# Task statement
Copy out each line of the material exactly. Pictures do not belong in the copy.

# Available data

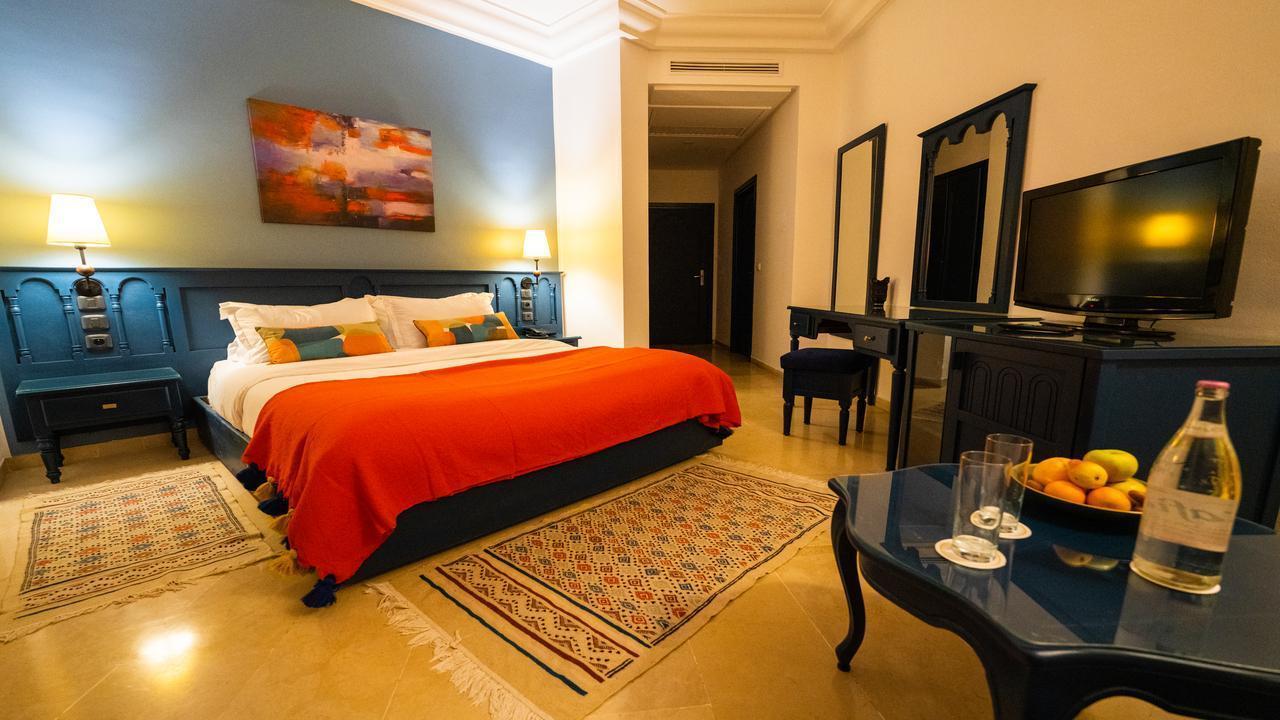 Eden Yasmine Resort and Spa – Hammamet  Superior #6 Eden Yasmine Resort and Spa – Hammamet  Superior #6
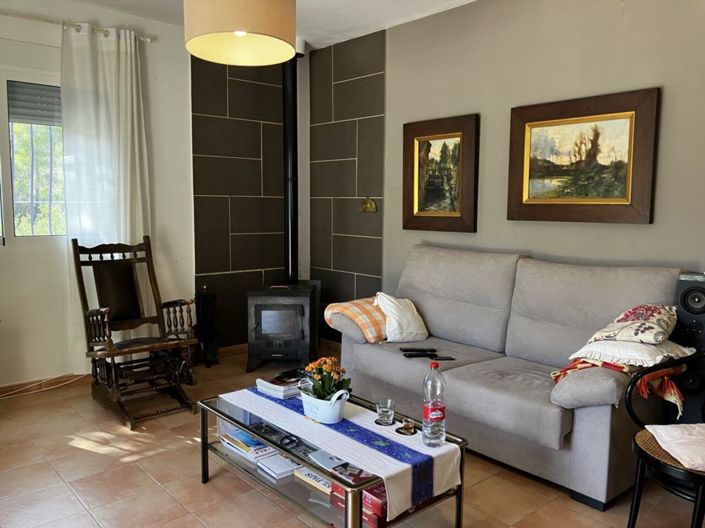 Image No.7-Villa de 3 chambres à vendre à Finestrat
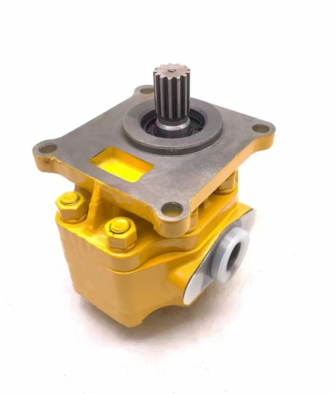 SD32 SD22 bulldozer pump - high-quality variable-speed pump for hydraulic transmission pump  07432-71203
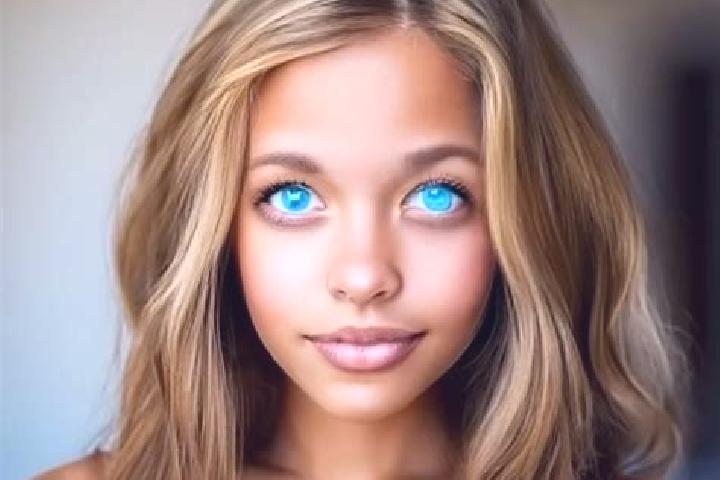 Ruby, 26, a red blue-eyed mixed companion based in Huari. Offering Duos, Travel Companion, GFE. Available for incall and outcall, day and evening dates.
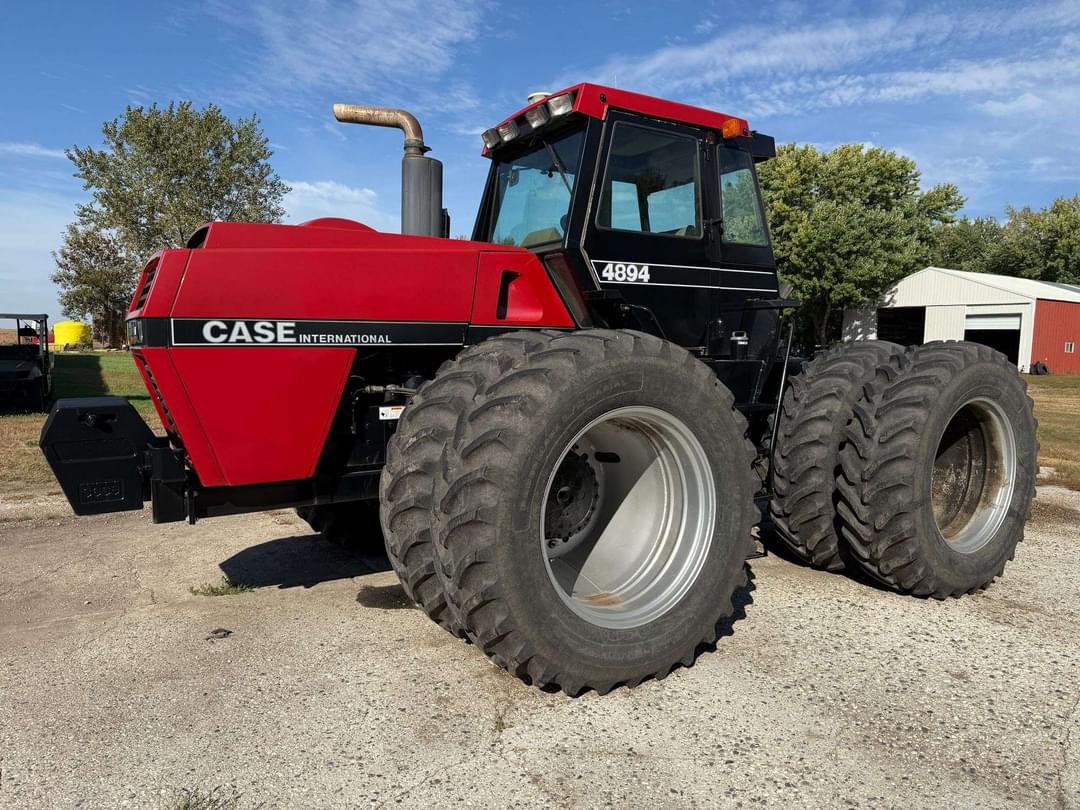 Image of Case IH 4894 Primary image
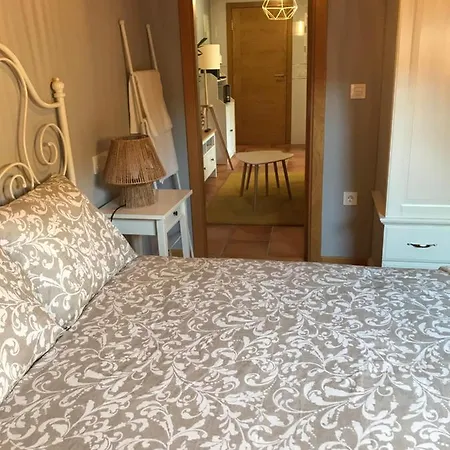 شقة Sosego Sotomayor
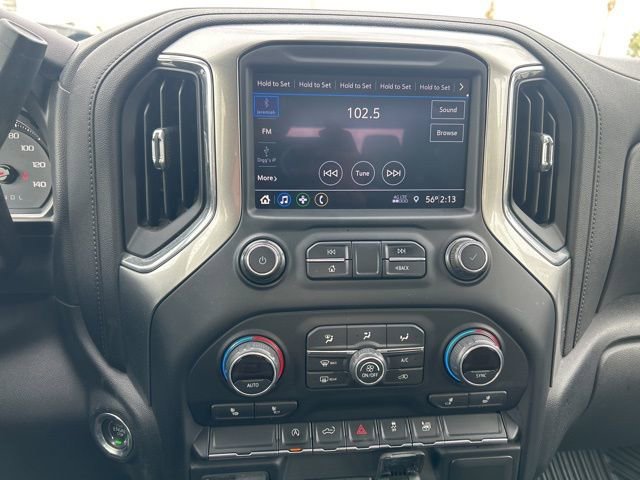 Used 2019 Chevrolet Silverado 1500 RST w/ All-Star Edition image 9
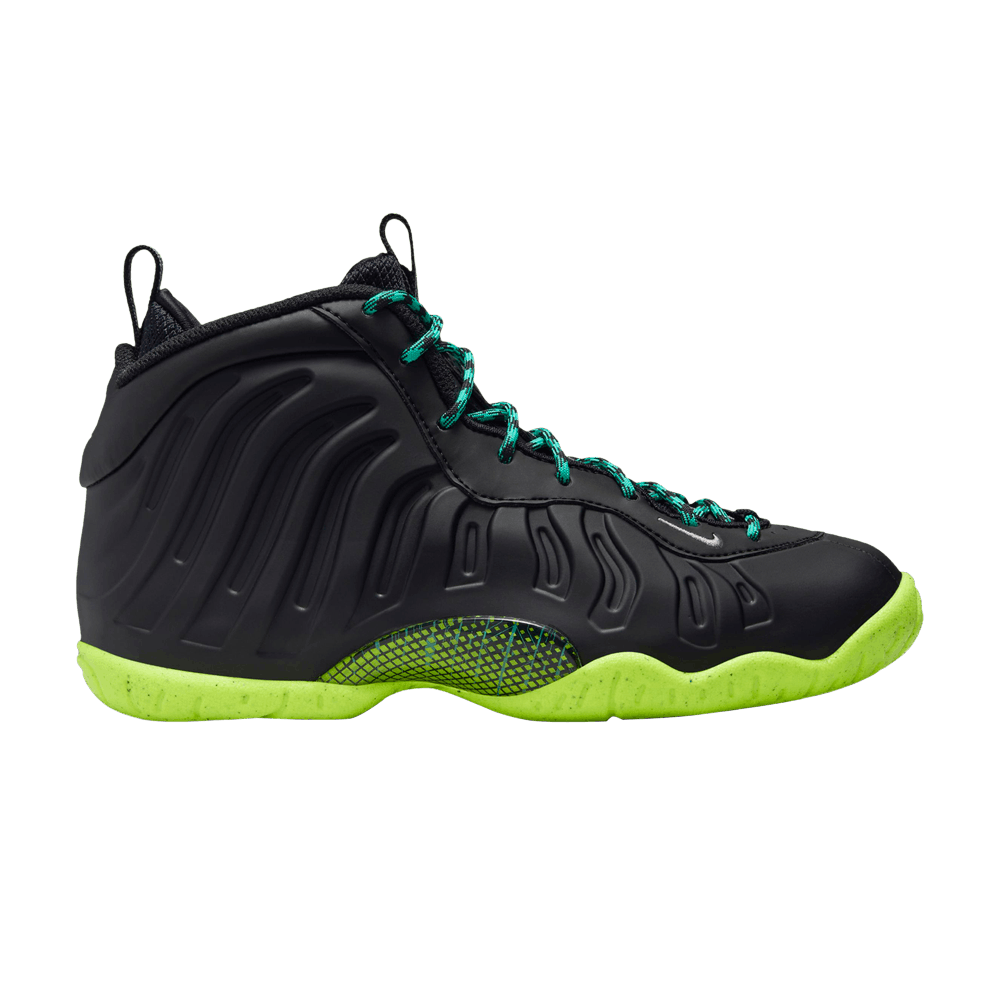 Кроссовки Nike Little Posite One GS 'Emerging Powers'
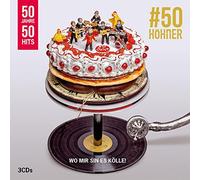 Höhner - Jahre 50 Hits [Import]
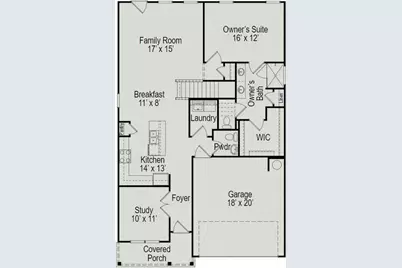 1629 River Scene Trail, Dayton, TX 77535 - Photo 35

# Exercise answer
 Eden Yasmine Resort and Spa – Hammamet  Superior #6 Eden Yasmine Resort and Spa – Hammamet  Superior #6
 Image No.7-Villa de 3 chambres à vendre à Finestrat
 SD32 SD22 bulldozer pump - high-quality variable-speed pump for hydraulic transmission pump  07432-71203
 Ruby, 26, a red blue-eyed mixed companion based in Huari. Offering Duos, Travel Companion, GFE. Available for incall and outcall, day and evening dates.
 Image of Case IH 4894 Primary image
 شقة Sosego Sotomayor
 Used 2019 Chevrolet Silverado 1500 RST w/ All-Star Edition image 9
 Кроссовки Nike Little Posite One GS 'Emerging Powers'
 Höhner - Jahre 50 Hits [Import]
 1629 River Scene Trail, Dayton, TX 77535 - Photo 35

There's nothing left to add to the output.